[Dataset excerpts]
- - - -
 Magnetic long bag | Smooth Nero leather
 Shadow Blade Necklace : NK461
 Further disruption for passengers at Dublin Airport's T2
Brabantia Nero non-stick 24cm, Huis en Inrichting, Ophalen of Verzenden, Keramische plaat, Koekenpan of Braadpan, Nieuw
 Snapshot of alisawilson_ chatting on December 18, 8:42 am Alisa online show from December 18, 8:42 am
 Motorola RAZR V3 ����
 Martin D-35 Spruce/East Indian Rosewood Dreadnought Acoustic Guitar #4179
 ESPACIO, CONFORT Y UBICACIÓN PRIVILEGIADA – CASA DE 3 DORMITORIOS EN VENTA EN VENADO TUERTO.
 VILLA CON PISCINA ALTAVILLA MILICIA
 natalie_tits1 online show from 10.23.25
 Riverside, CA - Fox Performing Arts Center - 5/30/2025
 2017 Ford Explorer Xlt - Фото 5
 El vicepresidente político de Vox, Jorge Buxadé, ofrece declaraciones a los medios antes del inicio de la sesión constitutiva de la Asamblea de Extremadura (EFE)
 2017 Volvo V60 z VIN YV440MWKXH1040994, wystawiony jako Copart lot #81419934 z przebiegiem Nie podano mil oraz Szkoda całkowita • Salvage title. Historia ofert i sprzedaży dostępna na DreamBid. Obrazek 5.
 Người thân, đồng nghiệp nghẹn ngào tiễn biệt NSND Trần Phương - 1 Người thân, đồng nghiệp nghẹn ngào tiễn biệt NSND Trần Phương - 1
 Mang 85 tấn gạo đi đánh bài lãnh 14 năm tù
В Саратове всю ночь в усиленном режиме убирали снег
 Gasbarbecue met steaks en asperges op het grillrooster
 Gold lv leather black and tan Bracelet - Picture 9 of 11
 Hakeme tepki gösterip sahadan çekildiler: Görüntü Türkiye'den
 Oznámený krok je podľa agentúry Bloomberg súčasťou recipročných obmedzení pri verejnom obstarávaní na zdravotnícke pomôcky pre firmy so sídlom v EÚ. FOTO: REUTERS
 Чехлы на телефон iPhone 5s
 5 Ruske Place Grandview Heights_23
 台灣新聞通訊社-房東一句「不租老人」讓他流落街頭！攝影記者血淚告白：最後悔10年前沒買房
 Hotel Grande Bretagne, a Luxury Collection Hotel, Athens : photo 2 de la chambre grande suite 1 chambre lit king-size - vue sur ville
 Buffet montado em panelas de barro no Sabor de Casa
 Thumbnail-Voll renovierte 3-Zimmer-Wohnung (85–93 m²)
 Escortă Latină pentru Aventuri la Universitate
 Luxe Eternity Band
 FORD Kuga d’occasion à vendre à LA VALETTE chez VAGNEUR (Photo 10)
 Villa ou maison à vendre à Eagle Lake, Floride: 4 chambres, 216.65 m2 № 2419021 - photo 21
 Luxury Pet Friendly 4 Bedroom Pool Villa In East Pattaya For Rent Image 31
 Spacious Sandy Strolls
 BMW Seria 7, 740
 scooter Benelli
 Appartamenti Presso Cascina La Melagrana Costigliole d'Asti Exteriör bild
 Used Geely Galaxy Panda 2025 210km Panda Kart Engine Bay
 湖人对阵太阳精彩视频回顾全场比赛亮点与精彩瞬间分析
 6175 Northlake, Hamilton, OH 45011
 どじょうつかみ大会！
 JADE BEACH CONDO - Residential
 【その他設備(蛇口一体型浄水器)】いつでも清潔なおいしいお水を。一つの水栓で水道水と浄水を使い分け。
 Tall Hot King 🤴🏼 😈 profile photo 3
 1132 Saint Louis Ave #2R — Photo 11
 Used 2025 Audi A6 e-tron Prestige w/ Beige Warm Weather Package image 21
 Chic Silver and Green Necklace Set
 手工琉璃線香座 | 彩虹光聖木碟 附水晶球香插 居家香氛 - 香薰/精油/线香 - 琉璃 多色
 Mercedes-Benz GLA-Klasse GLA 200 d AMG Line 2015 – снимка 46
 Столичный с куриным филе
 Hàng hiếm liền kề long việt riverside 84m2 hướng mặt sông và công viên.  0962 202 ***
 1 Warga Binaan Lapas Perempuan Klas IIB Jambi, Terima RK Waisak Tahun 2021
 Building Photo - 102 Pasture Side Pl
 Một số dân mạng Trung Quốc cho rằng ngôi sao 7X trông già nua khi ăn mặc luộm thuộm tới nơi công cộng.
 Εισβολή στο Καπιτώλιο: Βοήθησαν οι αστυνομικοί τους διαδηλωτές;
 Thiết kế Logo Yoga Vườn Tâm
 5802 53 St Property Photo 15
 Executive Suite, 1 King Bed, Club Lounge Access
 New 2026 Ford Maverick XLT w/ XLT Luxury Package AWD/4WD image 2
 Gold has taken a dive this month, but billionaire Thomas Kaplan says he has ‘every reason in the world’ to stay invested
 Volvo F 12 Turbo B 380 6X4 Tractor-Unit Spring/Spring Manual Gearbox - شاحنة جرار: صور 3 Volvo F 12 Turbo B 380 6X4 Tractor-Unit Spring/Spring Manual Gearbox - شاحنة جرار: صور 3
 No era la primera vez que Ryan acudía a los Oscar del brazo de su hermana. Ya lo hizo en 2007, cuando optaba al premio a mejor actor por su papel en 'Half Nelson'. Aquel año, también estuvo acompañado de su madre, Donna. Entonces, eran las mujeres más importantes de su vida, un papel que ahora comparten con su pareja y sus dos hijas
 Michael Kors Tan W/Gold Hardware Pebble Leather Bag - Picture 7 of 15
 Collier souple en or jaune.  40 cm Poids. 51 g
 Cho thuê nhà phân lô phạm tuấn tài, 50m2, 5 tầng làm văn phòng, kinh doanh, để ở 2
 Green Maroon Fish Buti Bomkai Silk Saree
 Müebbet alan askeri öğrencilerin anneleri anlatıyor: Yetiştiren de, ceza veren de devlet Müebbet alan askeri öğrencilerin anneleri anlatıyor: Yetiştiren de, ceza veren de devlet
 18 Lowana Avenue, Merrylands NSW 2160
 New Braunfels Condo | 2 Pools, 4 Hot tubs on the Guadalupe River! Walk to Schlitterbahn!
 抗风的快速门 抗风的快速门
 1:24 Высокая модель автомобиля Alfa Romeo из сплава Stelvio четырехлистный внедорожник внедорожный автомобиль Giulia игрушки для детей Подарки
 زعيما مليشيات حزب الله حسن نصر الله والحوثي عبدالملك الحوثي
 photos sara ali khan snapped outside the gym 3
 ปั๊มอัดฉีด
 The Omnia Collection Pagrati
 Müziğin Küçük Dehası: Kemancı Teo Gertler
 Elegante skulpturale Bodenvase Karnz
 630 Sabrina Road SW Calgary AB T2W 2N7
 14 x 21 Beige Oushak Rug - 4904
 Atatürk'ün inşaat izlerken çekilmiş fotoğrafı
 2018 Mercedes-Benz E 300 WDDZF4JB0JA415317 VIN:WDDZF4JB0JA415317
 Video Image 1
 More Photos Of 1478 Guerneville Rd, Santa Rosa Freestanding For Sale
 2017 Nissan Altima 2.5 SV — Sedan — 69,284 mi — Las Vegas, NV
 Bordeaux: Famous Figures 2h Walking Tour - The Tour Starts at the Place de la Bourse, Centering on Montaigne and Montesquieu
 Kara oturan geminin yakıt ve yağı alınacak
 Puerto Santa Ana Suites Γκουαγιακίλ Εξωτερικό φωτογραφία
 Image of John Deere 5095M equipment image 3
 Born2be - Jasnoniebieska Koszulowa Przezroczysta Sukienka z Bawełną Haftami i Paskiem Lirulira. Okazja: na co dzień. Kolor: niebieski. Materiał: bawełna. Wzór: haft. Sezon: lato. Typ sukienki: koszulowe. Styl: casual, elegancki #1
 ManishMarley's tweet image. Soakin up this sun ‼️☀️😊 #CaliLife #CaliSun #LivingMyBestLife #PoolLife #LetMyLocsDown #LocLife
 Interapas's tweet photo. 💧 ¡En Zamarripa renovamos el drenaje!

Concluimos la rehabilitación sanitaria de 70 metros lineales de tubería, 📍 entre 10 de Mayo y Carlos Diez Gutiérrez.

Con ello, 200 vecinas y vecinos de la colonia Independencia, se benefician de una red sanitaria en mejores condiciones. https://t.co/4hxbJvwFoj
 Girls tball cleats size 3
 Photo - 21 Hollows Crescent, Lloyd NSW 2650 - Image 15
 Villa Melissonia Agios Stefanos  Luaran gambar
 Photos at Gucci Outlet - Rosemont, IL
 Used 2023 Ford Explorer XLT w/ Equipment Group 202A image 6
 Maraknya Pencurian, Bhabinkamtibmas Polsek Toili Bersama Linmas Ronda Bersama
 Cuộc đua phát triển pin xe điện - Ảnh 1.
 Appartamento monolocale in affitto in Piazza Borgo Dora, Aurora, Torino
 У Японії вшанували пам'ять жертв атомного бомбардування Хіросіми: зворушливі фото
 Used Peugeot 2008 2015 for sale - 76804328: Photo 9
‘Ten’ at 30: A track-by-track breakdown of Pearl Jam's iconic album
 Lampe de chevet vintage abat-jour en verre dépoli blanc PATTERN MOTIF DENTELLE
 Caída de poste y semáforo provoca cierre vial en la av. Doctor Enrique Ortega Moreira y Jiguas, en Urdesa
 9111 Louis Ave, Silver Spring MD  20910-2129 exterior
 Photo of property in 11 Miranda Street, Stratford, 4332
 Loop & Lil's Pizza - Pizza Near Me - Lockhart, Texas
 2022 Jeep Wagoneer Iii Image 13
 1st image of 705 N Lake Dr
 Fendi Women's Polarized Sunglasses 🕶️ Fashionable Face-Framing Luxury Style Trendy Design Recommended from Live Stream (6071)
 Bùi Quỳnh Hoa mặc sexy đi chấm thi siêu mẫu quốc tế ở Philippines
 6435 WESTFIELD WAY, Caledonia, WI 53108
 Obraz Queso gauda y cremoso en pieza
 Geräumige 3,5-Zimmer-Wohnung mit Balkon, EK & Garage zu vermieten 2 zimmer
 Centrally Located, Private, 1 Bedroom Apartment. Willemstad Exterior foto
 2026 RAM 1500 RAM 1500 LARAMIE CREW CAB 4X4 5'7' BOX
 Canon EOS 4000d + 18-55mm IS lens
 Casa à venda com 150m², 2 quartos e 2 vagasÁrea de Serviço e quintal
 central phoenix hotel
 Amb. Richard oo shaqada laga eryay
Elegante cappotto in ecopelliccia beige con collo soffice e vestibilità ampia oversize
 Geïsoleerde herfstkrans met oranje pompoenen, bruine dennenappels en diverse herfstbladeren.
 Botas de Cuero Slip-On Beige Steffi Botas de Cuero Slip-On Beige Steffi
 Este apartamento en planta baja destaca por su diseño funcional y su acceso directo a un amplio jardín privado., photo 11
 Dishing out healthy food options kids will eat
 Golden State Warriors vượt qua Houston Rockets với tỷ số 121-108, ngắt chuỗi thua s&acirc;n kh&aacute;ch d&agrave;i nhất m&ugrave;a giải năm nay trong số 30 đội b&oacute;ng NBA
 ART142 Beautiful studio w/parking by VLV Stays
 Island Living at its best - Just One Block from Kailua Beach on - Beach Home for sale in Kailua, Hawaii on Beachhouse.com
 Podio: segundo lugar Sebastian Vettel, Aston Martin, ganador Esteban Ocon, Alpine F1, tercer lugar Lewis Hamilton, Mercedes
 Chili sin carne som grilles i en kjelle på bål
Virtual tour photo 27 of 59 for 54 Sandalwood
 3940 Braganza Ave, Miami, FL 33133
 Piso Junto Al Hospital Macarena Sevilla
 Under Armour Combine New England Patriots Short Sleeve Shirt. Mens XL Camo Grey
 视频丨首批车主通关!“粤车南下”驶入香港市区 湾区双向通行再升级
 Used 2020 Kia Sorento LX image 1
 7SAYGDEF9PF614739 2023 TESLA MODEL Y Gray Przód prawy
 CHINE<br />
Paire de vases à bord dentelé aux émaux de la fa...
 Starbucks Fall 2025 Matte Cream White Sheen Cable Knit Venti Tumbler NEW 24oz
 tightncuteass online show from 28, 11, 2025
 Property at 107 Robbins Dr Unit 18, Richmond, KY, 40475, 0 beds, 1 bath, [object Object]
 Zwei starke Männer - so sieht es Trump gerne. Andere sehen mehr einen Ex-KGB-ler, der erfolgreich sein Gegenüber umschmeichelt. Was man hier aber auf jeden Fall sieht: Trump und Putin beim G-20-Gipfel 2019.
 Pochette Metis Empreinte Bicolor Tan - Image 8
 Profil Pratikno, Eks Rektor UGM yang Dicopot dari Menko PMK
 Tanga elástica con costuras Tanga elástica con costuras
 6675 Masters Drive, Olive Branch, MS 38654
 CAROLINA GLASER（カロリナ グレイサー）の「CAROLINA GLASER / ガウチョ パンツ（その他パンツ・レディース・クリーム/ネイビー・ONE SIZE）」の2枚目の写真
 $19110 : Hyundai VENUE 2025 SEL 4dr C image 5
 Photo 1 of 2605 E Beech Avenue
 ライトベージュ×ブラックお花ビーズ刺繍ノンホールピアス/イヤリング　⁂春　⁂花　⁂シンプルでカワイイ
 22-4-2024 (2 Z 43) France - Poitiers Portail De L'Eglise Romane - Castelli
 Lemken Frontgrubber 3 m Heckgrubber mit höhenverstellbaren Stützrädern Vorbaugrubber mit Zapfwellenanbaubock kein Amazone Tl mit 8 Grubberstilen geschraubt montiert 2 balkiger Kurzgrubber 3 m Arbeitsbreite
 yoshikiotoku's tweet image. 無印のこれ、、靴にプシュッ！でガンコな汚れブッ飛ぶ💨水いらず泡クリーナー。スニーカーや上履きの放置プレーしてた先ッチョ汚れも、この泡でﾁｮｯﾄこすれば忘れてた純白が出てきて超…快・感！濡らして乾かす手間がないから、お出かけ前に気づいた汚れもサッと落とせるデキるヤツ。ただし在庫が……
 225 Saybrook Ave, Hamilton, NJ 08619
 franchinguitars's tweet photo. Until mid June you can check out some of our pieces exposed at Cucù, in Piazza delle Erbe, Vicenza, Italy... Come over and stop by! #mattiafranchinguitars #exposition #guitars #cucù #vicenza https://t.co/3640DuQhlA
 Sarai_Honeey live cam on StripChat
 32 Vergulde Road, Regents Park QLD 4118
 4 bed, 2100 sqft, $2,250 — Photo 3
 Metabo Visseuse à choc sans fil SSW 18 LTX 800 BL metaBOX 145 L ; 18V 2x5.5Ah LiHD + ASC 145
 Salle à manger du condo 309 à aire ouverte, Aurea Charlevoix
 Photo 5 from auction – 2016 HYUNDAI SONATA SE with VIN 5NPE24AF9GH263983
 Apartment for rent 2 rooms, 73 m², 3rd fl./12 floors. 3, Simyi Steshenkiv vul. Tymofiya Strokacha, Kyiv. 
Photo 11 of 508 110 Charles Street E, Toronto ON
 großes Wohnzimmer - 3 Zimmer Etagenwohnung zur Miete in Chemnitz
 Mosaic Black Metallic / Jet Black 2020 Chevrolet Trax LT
- - - -
__WHAT YOU ARE ASKED TO DO__: Take the entries above and copy them exactly from the first line through the line with "Oznámený krok je"; leave out every line after it.

__EXERCISE SOLUTION__:
 Magnetic long bag | Smooth Nero leather
 Shadow Blade Necklace : NK461
 Further disruption for passengers at Dublin Airport's T2
Brabantia Nero non-stick 24cm, Huis en Inrichting, Ophalen of Verzenden, Keramische plaat, Koekenpan of Braadpan, Nieuw
 Snapshot of alisawilson_ chatting on December 18, 8:42 am Alisa online show from December 18, 8:42 am
 Motorola RAZR V3 ����
 Martin D-35 Spruce/East Indian Rosewood Dreadnought Acoustic Guitar #4179
 ESPACIO, CONFORT Y UBICACIÓN PRIVILEGIADA – CASA DE 3 DORMITORIOS EN VENTA EN VENADO TUERTO.
 VILLA CON PISCINA ALTAVILLA MILICIA
 natalie_tits1 online show from 10.23.25
 Riverside, CA - Fox Performing Arts Center - 5/30/2025
 2017 Ford Explorer Xlt - Фото 5
 El vicepresidente político de Vox, Jorge Buxadé, ofrece declaraciones a los medios antes del inicio de la sesión constitutiva de la Asamblea de Extremadura (EFE)
 2017 Volvo V60 z VIN YV440MWKXH1040994, wystawiony jako Copart lot #81419934 z przebiegiem Nie podano mil oraz Szkoda całkowita • Salvage title. Historia ofert i sprzedaży dostępna na DreamBid. Obrazek 5.
 Người thân, đồng nghiệp nghẹn ngào tiễn biệt NSND Trần Phương - 1 Người thân, đồng nghiệp nghẹn ngào tiễn biệt NSND Trần Phương - 1
 Mang 85 tấn gạo đi đánh bài lãnh 14 năm tù
В Саратове всю ночь в усиленном режиме убирали снег
 Gasbarbecue met steaks en asperges op het grillrooster
 Gold lv leather black and tan Bracelet - Picture 9 of 11
 Hakeme tepki gösterip sahadan çekildiler: Görüntü Türkiye'den
 Oznámený krok je podľa agentúry Bloomberg súčasťou recipročných obmedzení pri verejnom obstarávaní na zdravotnícke pomôcky pre firmy so sídlom v EÚ. FOTO: REUTERS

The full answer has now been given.